» Records shown:
########

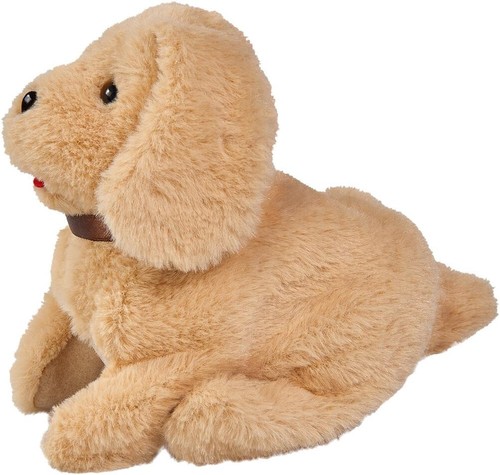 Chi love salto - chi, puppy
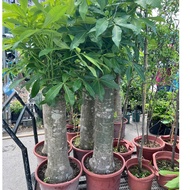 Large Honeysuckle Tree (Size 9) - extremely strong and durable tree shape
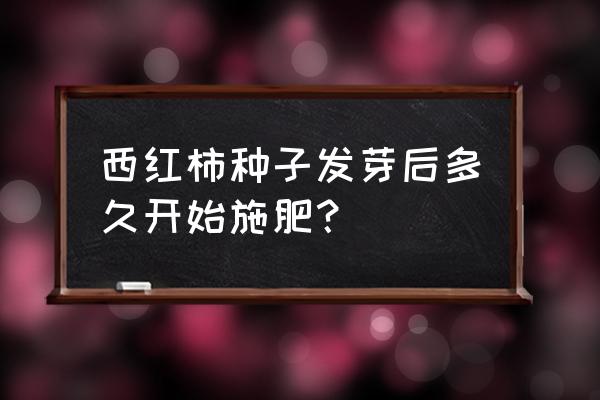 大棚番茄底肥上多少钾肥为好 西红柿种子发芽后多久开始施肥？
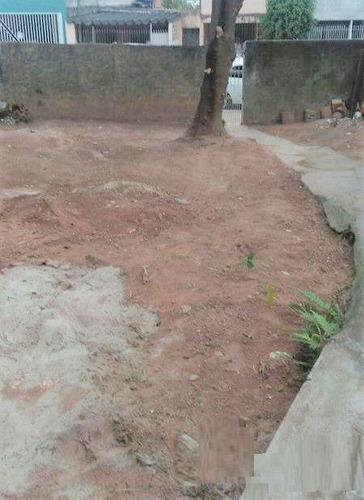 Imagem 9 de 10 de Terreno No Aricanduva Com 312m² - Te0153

########

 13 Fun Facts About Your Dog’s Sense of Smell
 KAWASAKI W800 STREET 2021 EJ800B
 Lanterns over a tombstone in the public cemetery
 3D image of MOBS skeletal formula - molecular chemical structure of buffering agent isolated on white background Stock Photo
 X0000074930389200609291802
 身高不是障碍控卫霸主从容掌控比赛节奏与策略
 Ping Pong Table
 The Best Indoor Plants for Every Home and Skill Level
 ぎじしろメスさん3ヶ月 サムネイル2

########

» Exercise brief: Here the job is to set down exactly the lines of the material above that fall between the one with "Lanterns over a" and the one with "ぎじしろメスさん3ヶ月 サムネイル2", inclusive, and nothing beyond them.

» Answer to this problem:
 Lanterns over a tombstone in the public cemetery
 3D image of MOBS skeletal formula - molecular chemical structure of buffering agent isolated on white background Stock Photo
 X0000074930389200609291802
 身高不是障碍控卫霸主从容掌控比赛节奏与策略
 Ping Pong Table
 The Best Indoor Plants for Every Home and Skill Level
 ぎじしろメスさん3ヶ月 サムネイル2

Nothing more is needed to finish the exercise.